Mike Holt vs Ask BONBON (review 1)
Mike Holt vs Ask BONBON, honest comparison from a working electrician.
Why Compare These Two At All
Mike Holt built the gold standard for code training. Books, videos, seminars, exam prep. Generations of electricians learned grounding and bonding from his material. Ask BONBON is a different animal, a phone app that answers code questions in seconds while you are standing on a ladder.
They are not the same product. But field guys ask me which one to spend money on, so here is the honest take after using both on actual jobs.
Mike Holt: What It Does Well
Holt's strength is teaching. If you do not understand why 250.4(A) separates grounding from bonding, his illustrations and narration will get you there. The graphics are clear. The examples are worked out long-hand. For apprentices and guys prepping for the Master's exam, it is still the best structured curriculum on the market.
His forum and newsletter catch code changes early. When the 2023 NEC dropped and everyone was arguing about 210.8(F) GFCI requirements for outdoor outlets on dwellings, Holt's team had breakdowns out fast.

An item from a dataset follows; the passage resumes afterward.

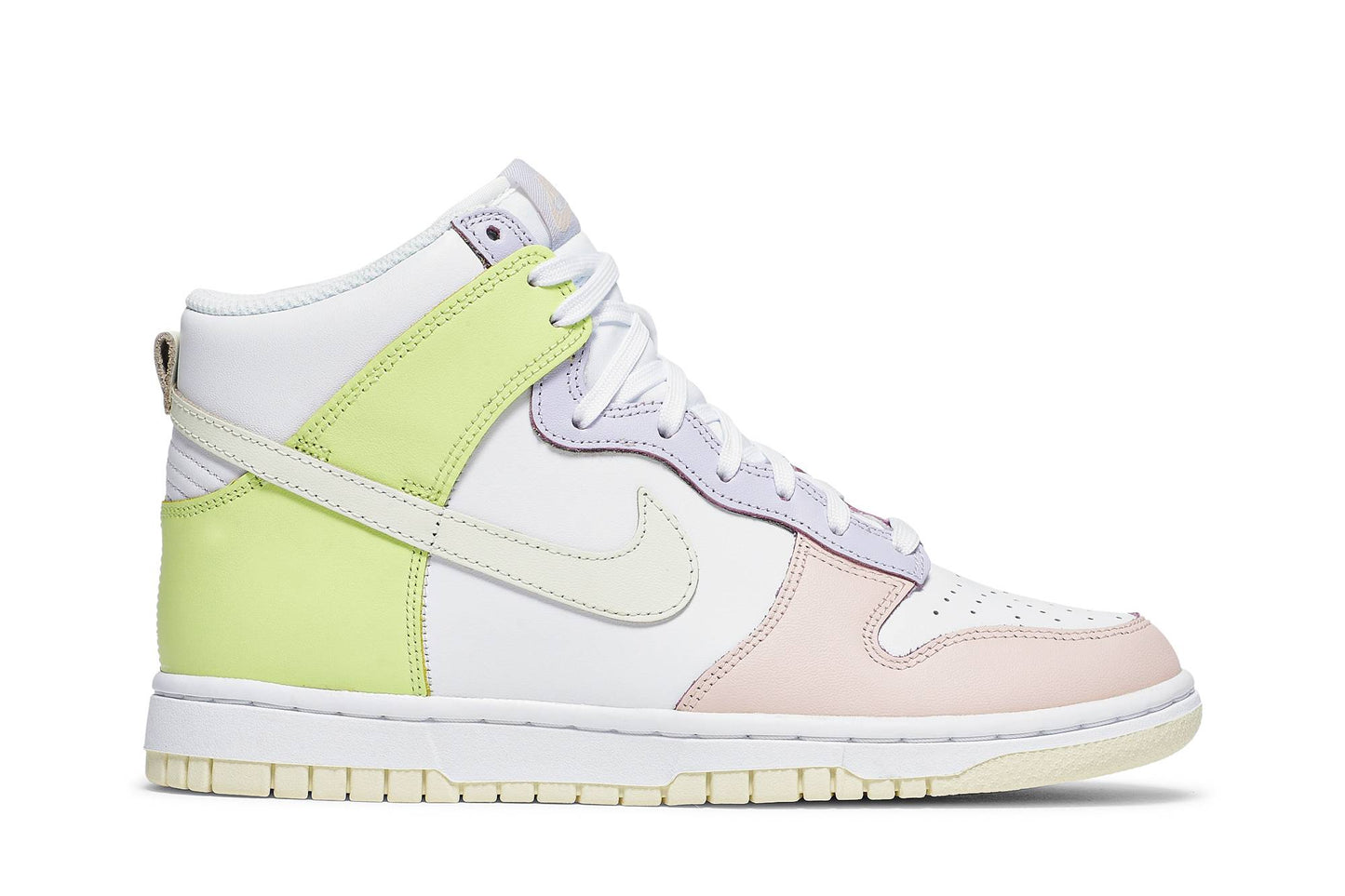 ( Women ) Nike Dunk High 'Cashmere' DD1869-108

- Deep coverage of grounding, bonding, and services
- Strong exam prep workbooks with practice questions
- Video library you can rewatch at home
- Active community of inspectors and master electricians
Where Mike Holt Falls Short On Site
Try finding the conductor ampacity adjustment for three current-carrying conductors in a raceway at 40C ambient while your GC is yelling about a rough-in inspection. You are not pulling up a 400 page PDF. You are not scrubbing through a 45 minute video. The material is deep but it is not built for the moment you need it most, which is between pulling wire and closing the wall.
Search across Holt's products is also fragmented. Books are books. Videos are videos. The forum is the forum. Nothing ties them together with one query.

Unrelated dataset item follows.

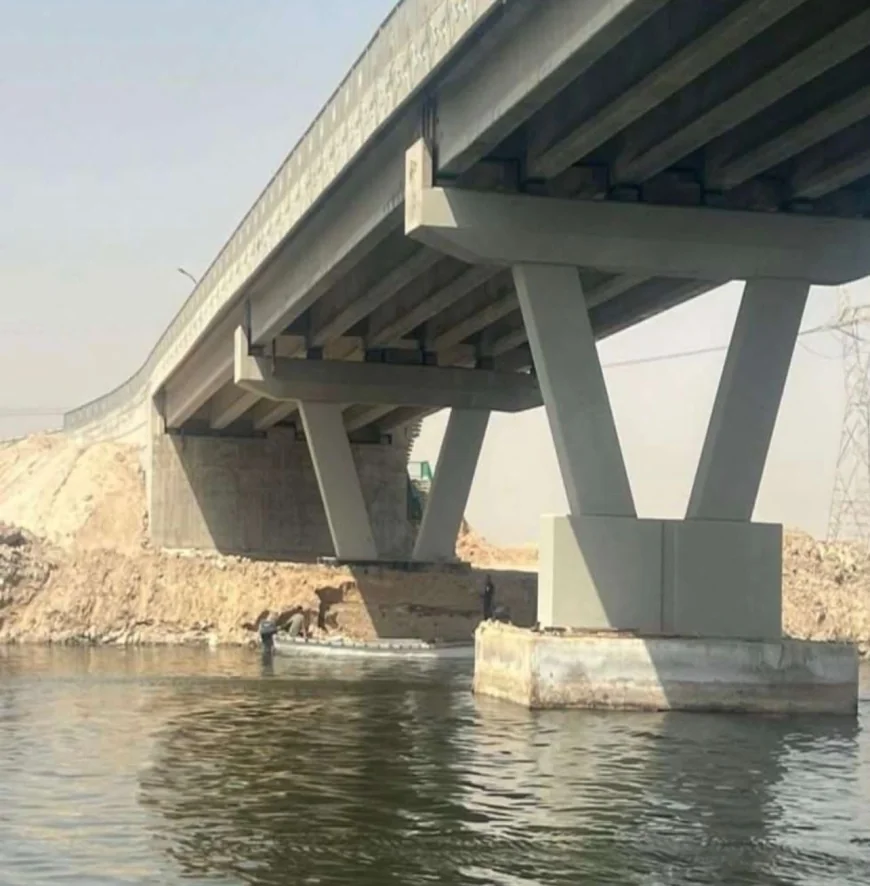 قطع مؤقت لجسر الزبير القديم وتحويلات مرورية حتى فجر الأحد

Field tip: if you are studying for a license, Holt. If you are on a lift trying to remember box fill rules under 314.16(B), you need something faster.
Ask BONBON: What It Does Well
BONBON is built for the question you have right now. Type or voice in "GFCI required for a garage receptacle 6 feet from a utility sink" and it gives you the article, the subsection, and a plain-English answer. No scrolling. No forum threads from 2014. It cites NEC 210.8(A)(2) and tells you what changed in the 2023 cycle.
The value shows up in specific situations. Tamper resistant requirements under 406.12. Working clearances at 110.26. Conduit fill percentages from Chapter 9 Table 1. Disconnect requirements for HVAC at 440.14. Things you know but cannot always recall the exact code reference for under pressure.
- Ask a question in plain language or by voice
- Get the code citation with the relevant text
- Follow up with a clarifying question if the situation is unusual
- Move on and keep working
Where Ask BONBON Falls Short
It will not teach you the code. If you do not already understand the structure of Article 250 or how Article 310 ampacity tables interact with 310.15(C)(1) adjustment factors, a fast answer is not going to build that foundation. You need the Holt material, or equivalent classroom time, to develop the mental model.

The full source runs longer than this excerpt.